# info for building removable butt rod



## Xpac (Jun 22, 2011)

I’m considering building my first removable butt rod. Any recommendations for how to attach the ferrule to the bottom of the blank? I haven’t found much info online and want to know what’s best as far as epoxy and shimming material.

thnx


----------



## tiderider (Oct 1, 2007)

I use Kardol epoxy (long set) and masking tape. Here is how I keep the ferrule, tip and blank spine in alignment while the epoxy sets



















Finished product


----------



## Xpac (Jun 22, 2011)

awesome! thanks


----------



## lowprofile (Jan 6, 2013)

What size rod are you building?


----------



## Xpac (Jun 22, 2011)

I'm thinking about rebuilding 3 existing 5'6 stand up rods into 2 piece rods and probably 2 lighter 5' rod uppers also from existing medium action jigging rods so I can swap them out.
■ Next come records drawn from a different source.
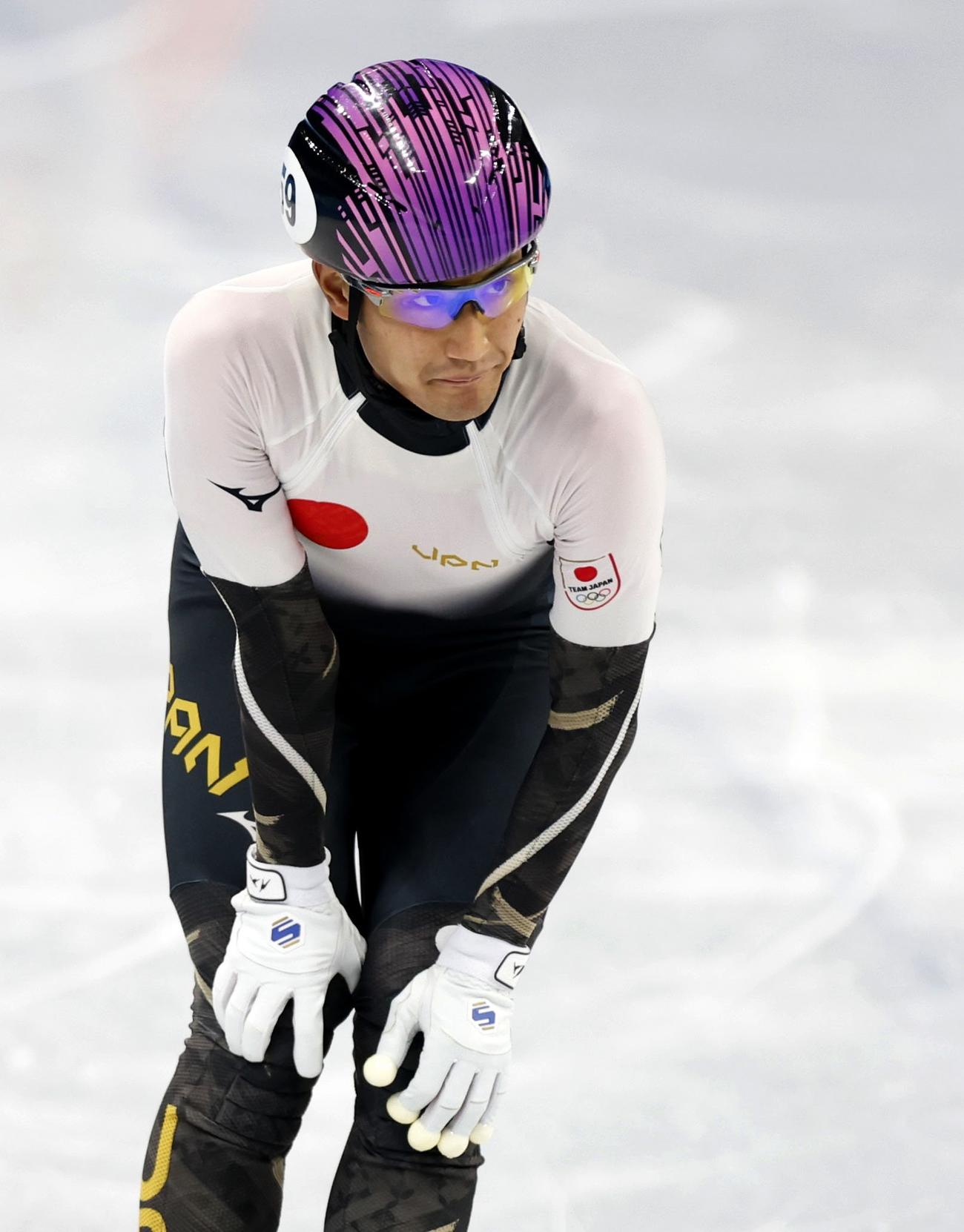 ショートトラック男子1000メートル　予選のレースを終えた吉永一貴（共同）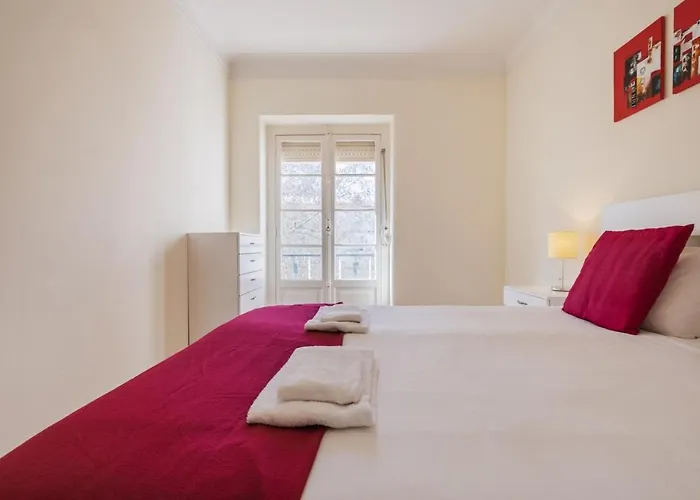 Joao Azevedo Coutinho *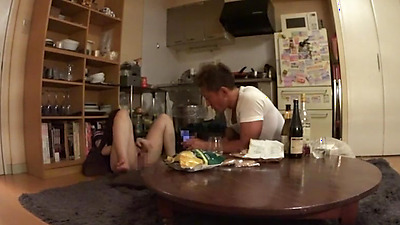 A teacher with huge breasts and G-cup breasts at a Kanagawa Prefecture-approved nursery school. The shocking story of a teacher who is very popular with her students being . 3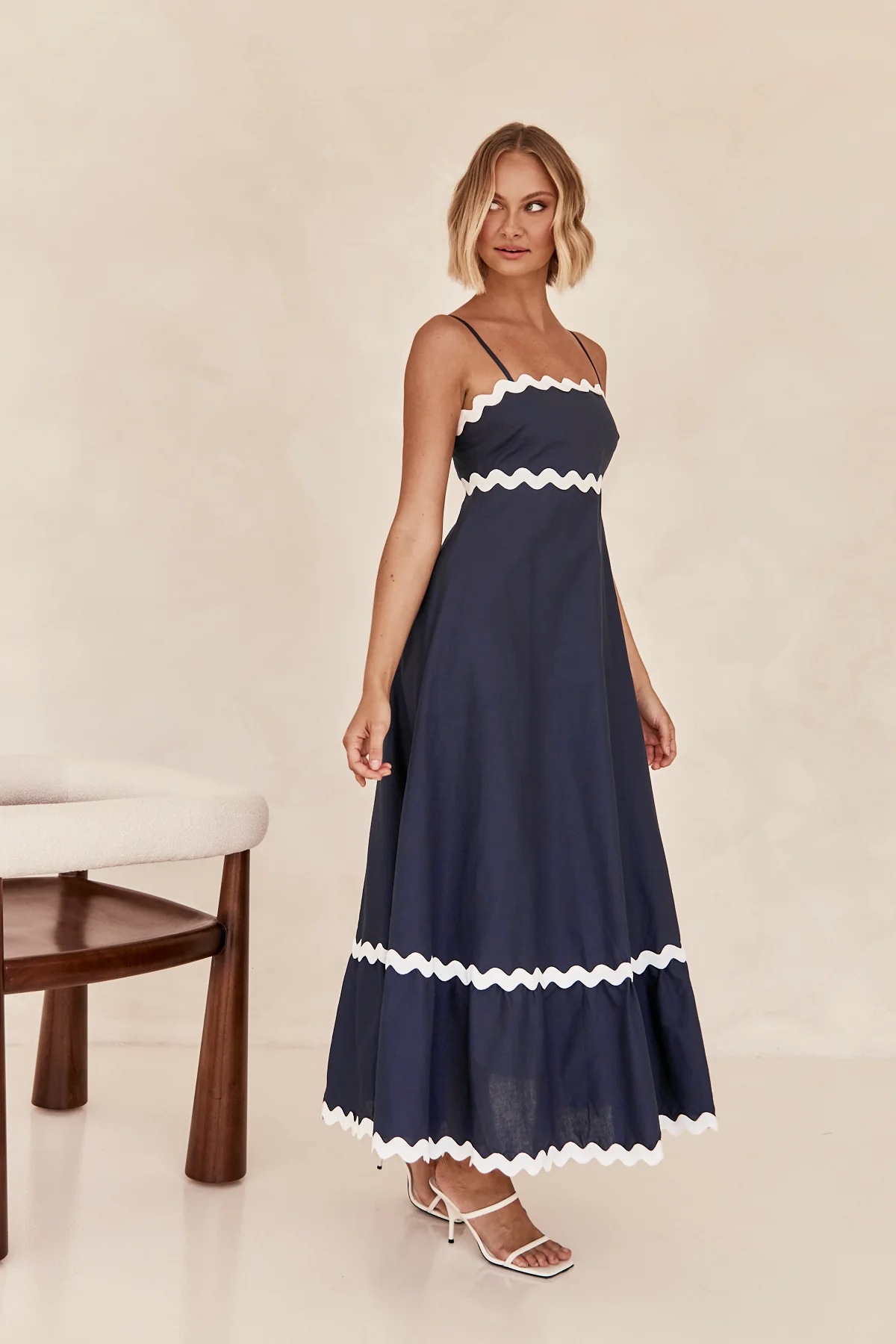满天星辰 抹胸吊带花边连衣裙 Starry Sky Lace Trim Strapless Spaghetti Strap Dress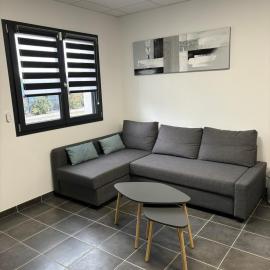 Studio proche Vienne 38200, hotel en Jardin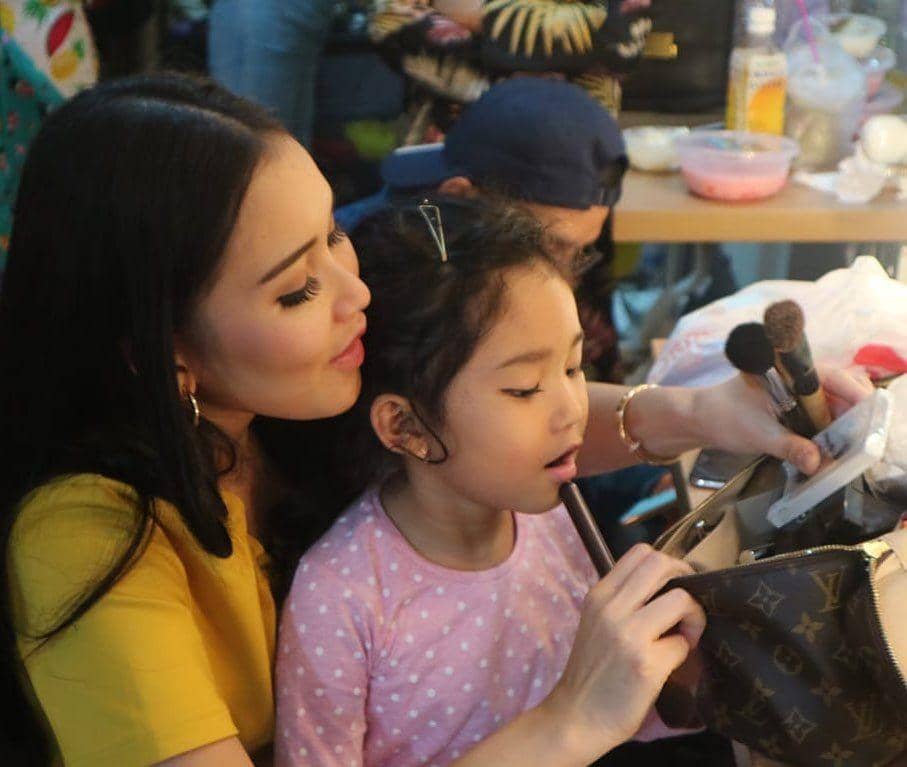 instagram.com/ayutingting92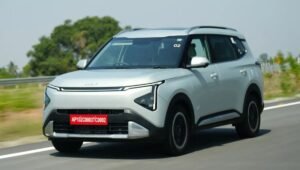 Kia Carens Clavis EV: 17.99 लाख की कीमत, 300+ Km रेंज और सिर्फ 3 लाख डाउन पेमेंट पर घर लाएं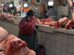 Un puesto de venta de carne en un mercado boliviano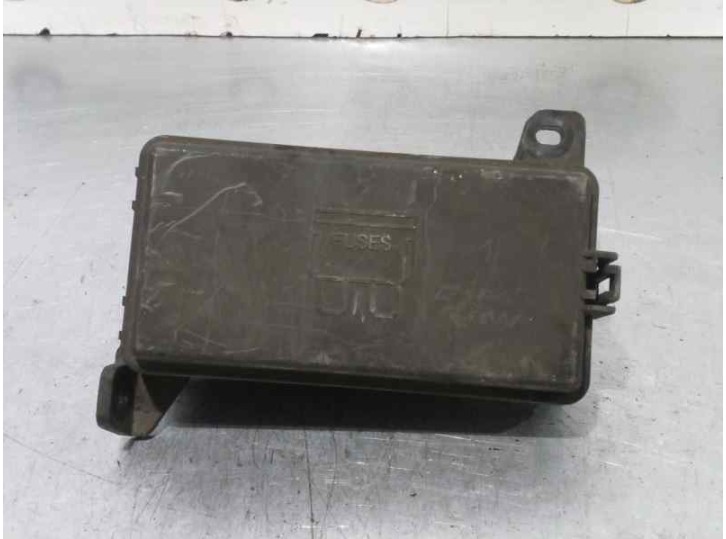 Recambio de caja reles / fusibles para mg serie 200 (xw) 1.6 cat referencia OEM IAM YQH100760 144528010598 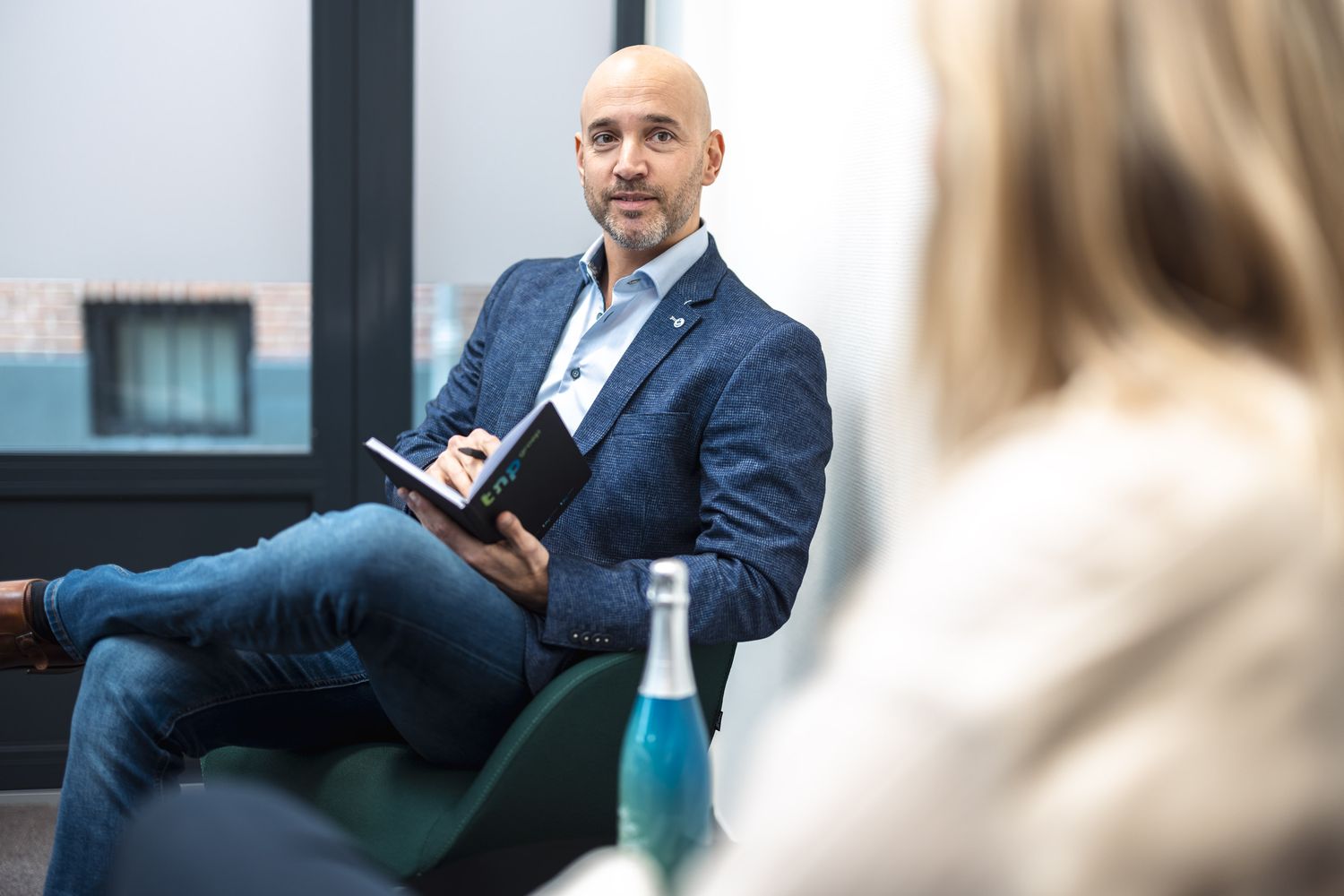 Een TNP-adviseur maakt notities tijdens een gesprek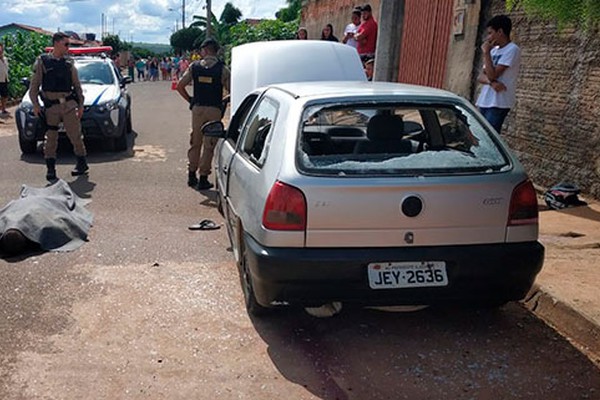 Motorista é executado com vários disparos ao parar o carro na porta de casa em Presidente Olegário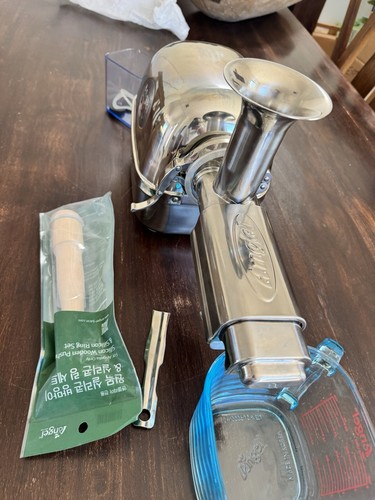Super Angel PLUS Estrattore di Succo 5500 Acciaio Inox Doppio Ingranaggio - Usato Delicatamente - Foto 3 di 24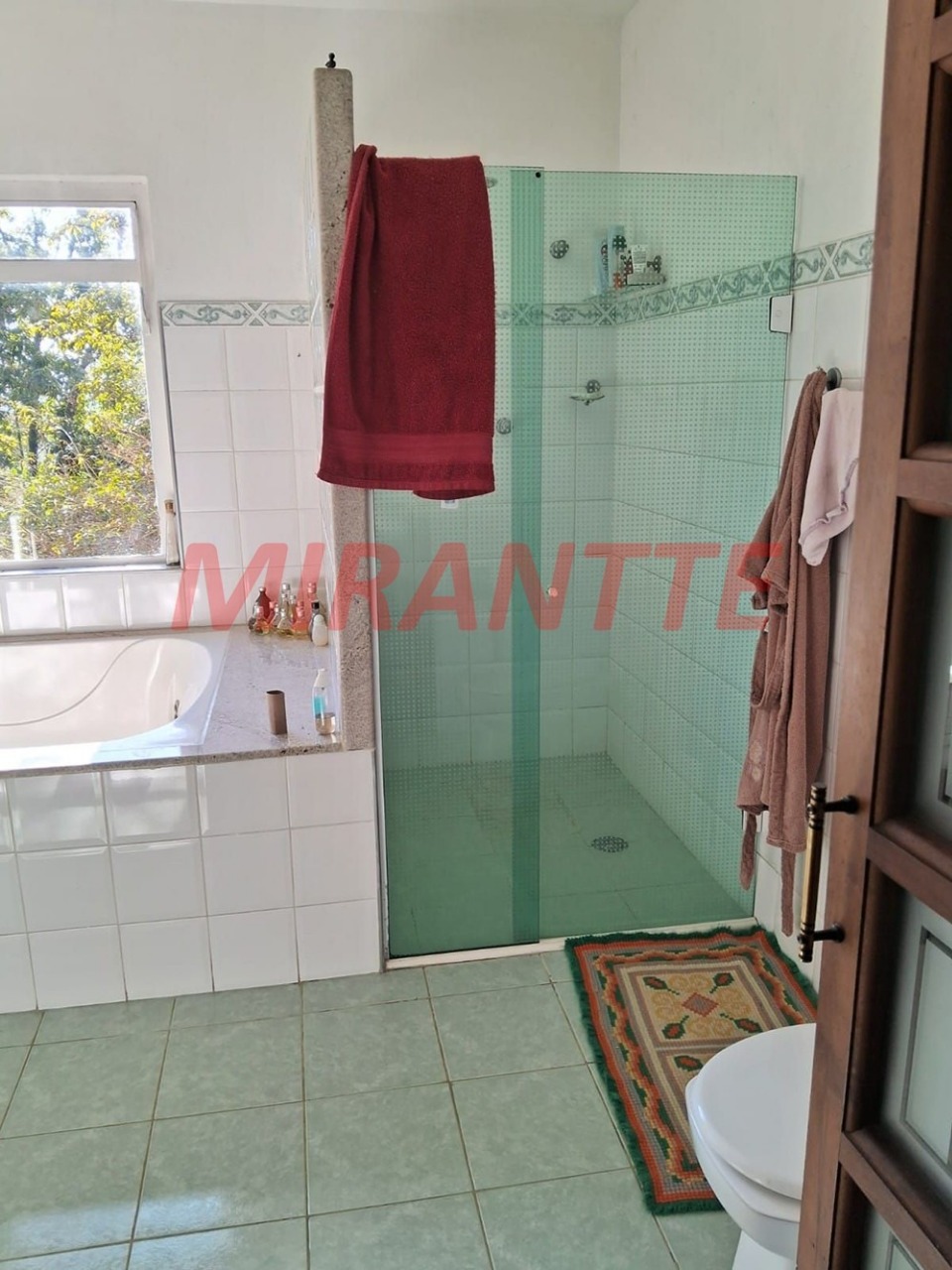 Cond. fechado de 317m² com 3 quartos em Roseira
I have 2 daiwa tb750s and I want to be able to swap rod uppers for deep dropping and lighter duty fishing.


----------



## Xpac (Jun 22, 2011)

Ended up using 2 old Tiger Lite jigging rods and 2 Ocean Master stand ups. Can't wait to test them out!


----------



## bwendel07 (Sep 30, 2007)

I use epoxy with fiberglass mesh tape. Make sure that you start building the epoxy up at the blank and wrap the mesh tape while adding epoxy. What you want is a solid buildup from the blank to the rod. I do not use the masking tape too much dead space without epoxy. (i consider Masking tape dead space. it does not hold up under long terms. If you do not have a good quality build up epoxy you can also use flex coat and mason twine and start from the blank and build up with the flex coat and twine at the same time. The flex coat absorbs into the twine and when you are done you will have a solid bond that wont give. If you are in the Niceville area you are more than welcome to come by and I will show you how to do both methods. Or call and I can talk you through it.


----------



## Xpac (Jun 22, 2011)

I used 2 rounds of masking tape then epoxy to fill in the gaps between to make one solid structure with enough epoxy to fill up the ferrule. I agree, the masking tape is not the best method. These were tested under stress and feel like they will hold up but time will tell. Next time I'll use your method. Thanks for the info!


----------